#### MATERIAL FOR THIS TASK ####

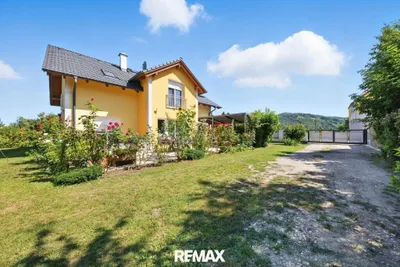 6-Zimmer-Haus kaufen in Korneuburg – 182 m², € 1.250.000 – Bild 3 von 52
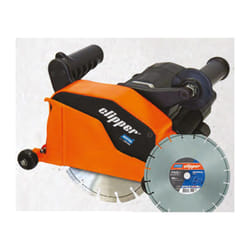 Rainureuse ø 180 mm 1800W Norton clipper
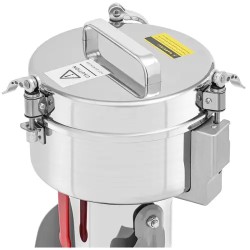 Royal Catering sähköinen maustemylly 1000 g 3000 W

####
#### MATERIAL FOR THIS TASK ####

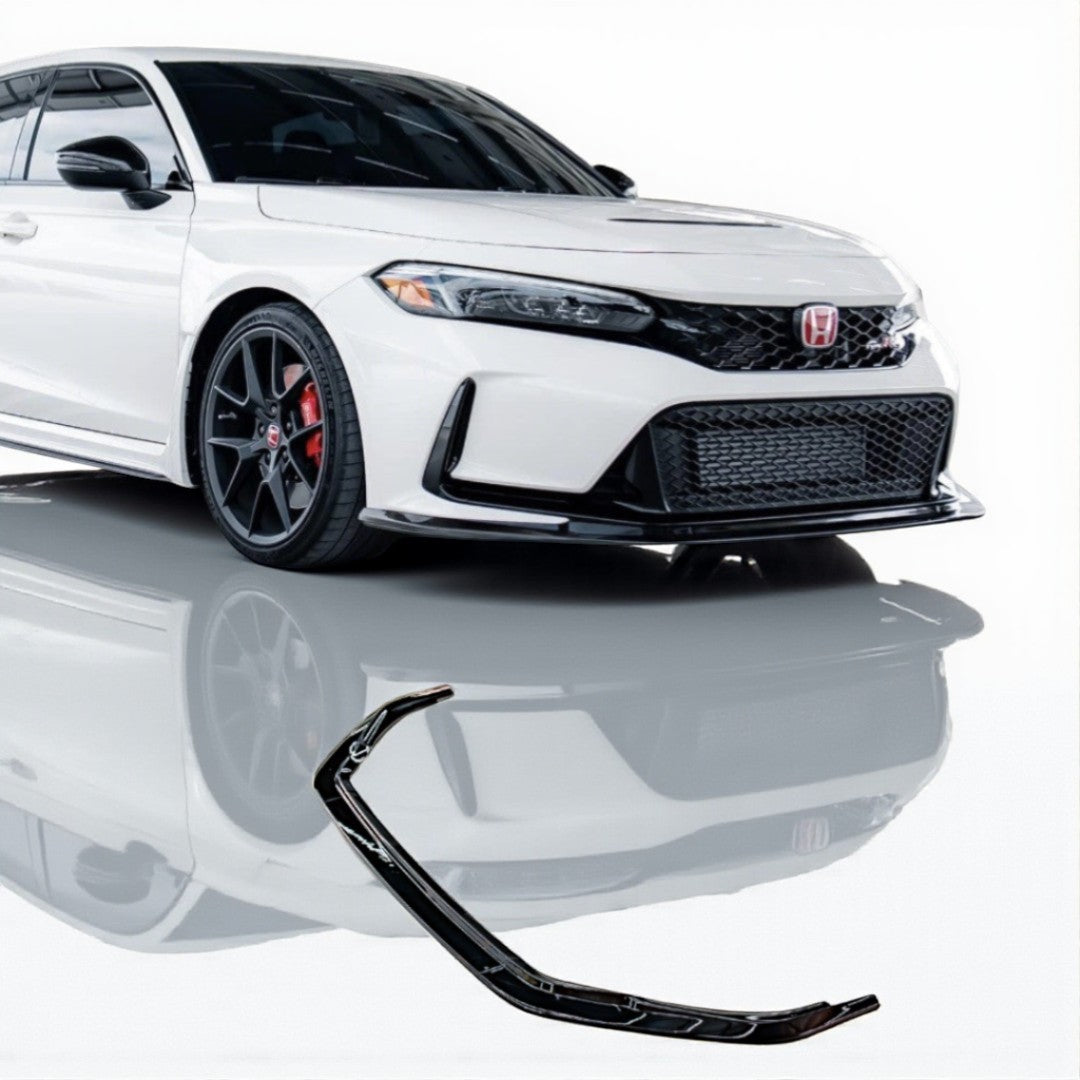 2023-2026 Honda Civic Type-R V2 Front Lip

####

» WORK TO BE COMPLETED
Nothing but the lines above from the one that has "6-Zimmer-Haus kaufen in" down to the one that has "Royal Catering sähköinen" belongs in the answer, copied exactly, without pictures.

» SOLUTION TO THIS EXERCISE
 6-Zimmer-Haus kaufen in Korneuburg – 182 m², € 1.250.000 – Bild 3 von 52
 Rainureuse ø 180 mm 1800W Norton clipper
 Royal Catering sähköinen maustemylly 1000 g 3000 W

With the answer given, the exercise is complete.